1, rue Angarskaia, Rostislav Kirpičenko, 2025

1, rue Angarskaia, Rostislav Kirpičenko (compétition). Caméra Vagabonde

Devant un lac gelé en Lituanie, un vieil homme marche dans la neige, suivi par une caméra frémissante. « Tu te sens chez toi en Lituanie ? » demande son petit-fils derrière la caméra. Un long silence s’ensuit, le vieil homme fixe son regard par-delà le lac, la question demeurera sans réponse. 

Turbulence

Né en Lituanie, Rostislav Kirpičenko passe la majeure partie de sa vie en Ukraine avec sa famille. En 2016, il s’installe à Paris jusqu’à ce mois de décembre 2022 durant lequel il retourne seul en Ukraine, où l’invasion russe a débuté le 24 février. Rostislav arrive dans un pays qui s’apprête à célébrer le passage à la nouvelle année. L’urgence de la guerre déclenche son besoin de filmer, la recherche identitaire du cinéaste et la réalité quotidienne des inconnu·e·s qu’il rencontre s’additionnent en un carnet de voyage fiévreux. Des images nocturnes souvent floues, prises à bord des bus et des trains que Rostislav emprunte défilent à l’écran et témoignent de l’incapacité du cinéaste à se fixer quelque part. D’une ville à l’autre, son parcours est difficile à suivre, et cette quête documentaire devient le récit d’une impossibilité pour le réalisateur de faire correspondre ce qu’il filme et ce dont il se souvient. La nuit tombe vite en cette saison, et l’obscurité des rues se superpose aux ombres des passants. Ton sur ton, ce qu’il reste des corps et des bâtiments est à peine perceptible. 

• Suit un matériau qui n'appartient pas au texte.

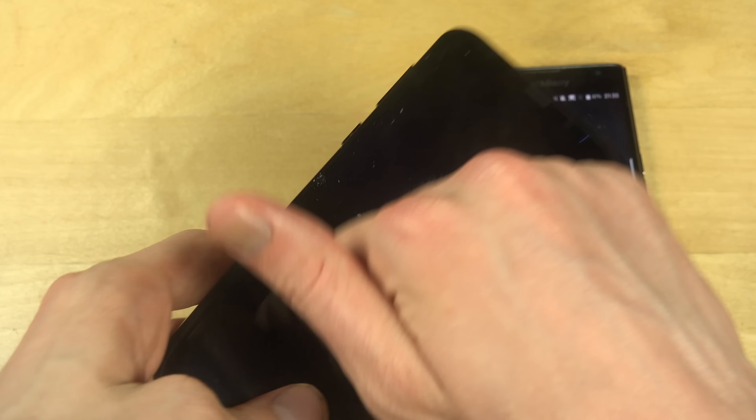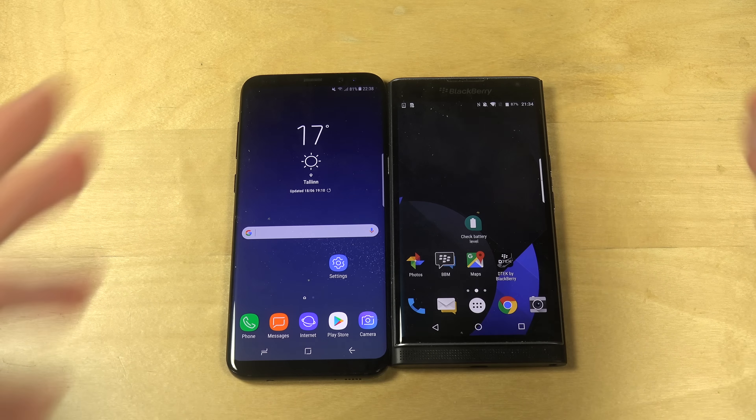The Blackberry Priv has only a 2 megapixel front-facing camera and an 18 megapixel main camera, which can take some extremely good photos. They also have a bunch of different built-in filters, like a black and white filter — some cool stuff. The S8 Plus has a 12 megapixel main camera, which is still good because Samsung's main cameras on their flagship phones are pretty decent.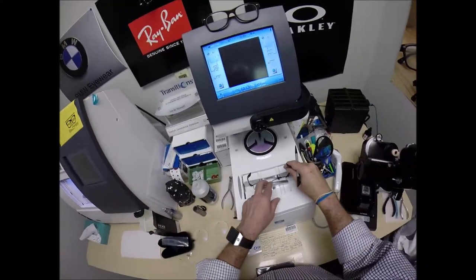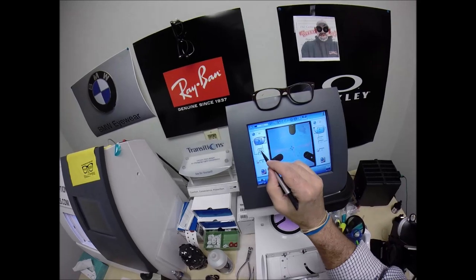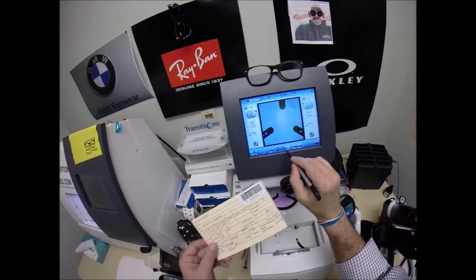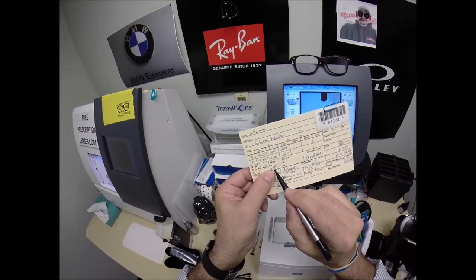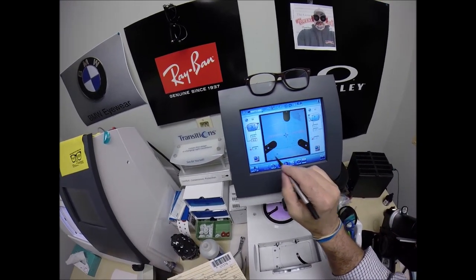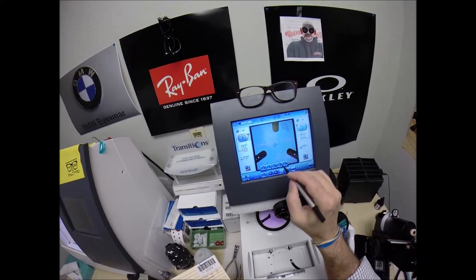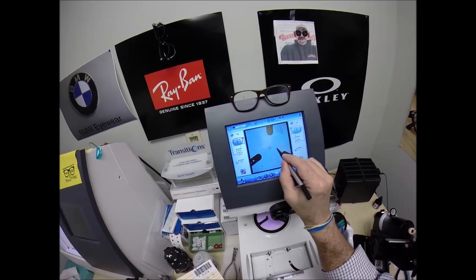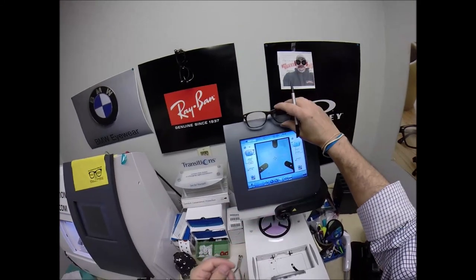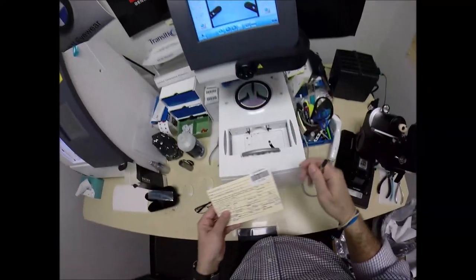Your pupillary distance is 33.5. The computer starts at 32.5, so I'm going to tap the plus button twice until we get to 33.5 — it goes up in half-millimeter increments. The invisible bifocal segment height, based on your prescription in this frame, is 18. I'm going to tap the plus button up in half-millimeter increments until we get to 18. I'm going to change the layout screen — this is for single vision lenses, but if I want a line style bifocal, I would line up the lenses that way. But these are the invisible bifocal, so I'm going to change the layout screen for that.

Pourtant, lorsque la caméra bascule à l’intérieur des habitations, l’éclairage cru et l’écran de la télévision ravivent les traits des amis et inconnus que Rostislav rencontre au cours de son voyage. Le soir du 31 décembre, une dizaine de jeunes gens ont les yeux rivés sur l’allocution annuelle de Volodymyr Zelensky. Empreint de fermeté et d’espoir, sa voix court d’un plan à l’autre, et l’atmosphère festive se meut en un silence solennel. D’abord tournée en dérision par l’auditoire, la parole de propagande finit par emporter l’adhésion des jeunes gens. L’admiration se lit sur leurs visages et Zelensky, acteur de son propre discours,  s’inscrit ici dans une guerre médiatique.  « 603 628 kilomètres carrés. La surface de l’Ukraine indépendante, telle qu’elle était depuis 1991. Telle qu’elle le sera toujours. » Depuis le petit salon où la scène prend place, les visions fugitives des lieux immenses traversés par le réalisateur nous reviennent. Tout comme cette scène personnelle vient nourrir l’histoire de l’Ukraine toute entière, ce documentaire intime naît au milieu d’une guerre d’images. Le dispositif simple de caméra de voyage permet ici d’extraire l’individu au sein des milliers, qui sont l’Ukraine.

Contact

Plus tôt, ailleurs dans un salon dont on ne voyait qu’un large mur blanc, la mère de Rostislav tentait de le dissuader de retourner en Ukraine. « Tu essayes de me piéger pour me filmer. » lâchait-t-elle. Il est fréquent de constater au cours du travail documentaire que la caméra empêche, coupe la spontanéité d’une relation, il faut établir un pacte intime entre la personne filmée et le cinéaste. Pourtant, transposée au contexte de la guerre, la caméra fait contact, accroche les hommes et les femmes qui veulent témoigner, fixer le présent, raconter leurs douleurs. Ce documentaire prend toute son ampleur dans l’urgence de la parole qui se déverse, semblant dépasser le cinéaste lui-même, devenant le réceptacle des récits de vies ancrées sur le territoire Ukrainien et qui ne l’ont pas quitté depuis. 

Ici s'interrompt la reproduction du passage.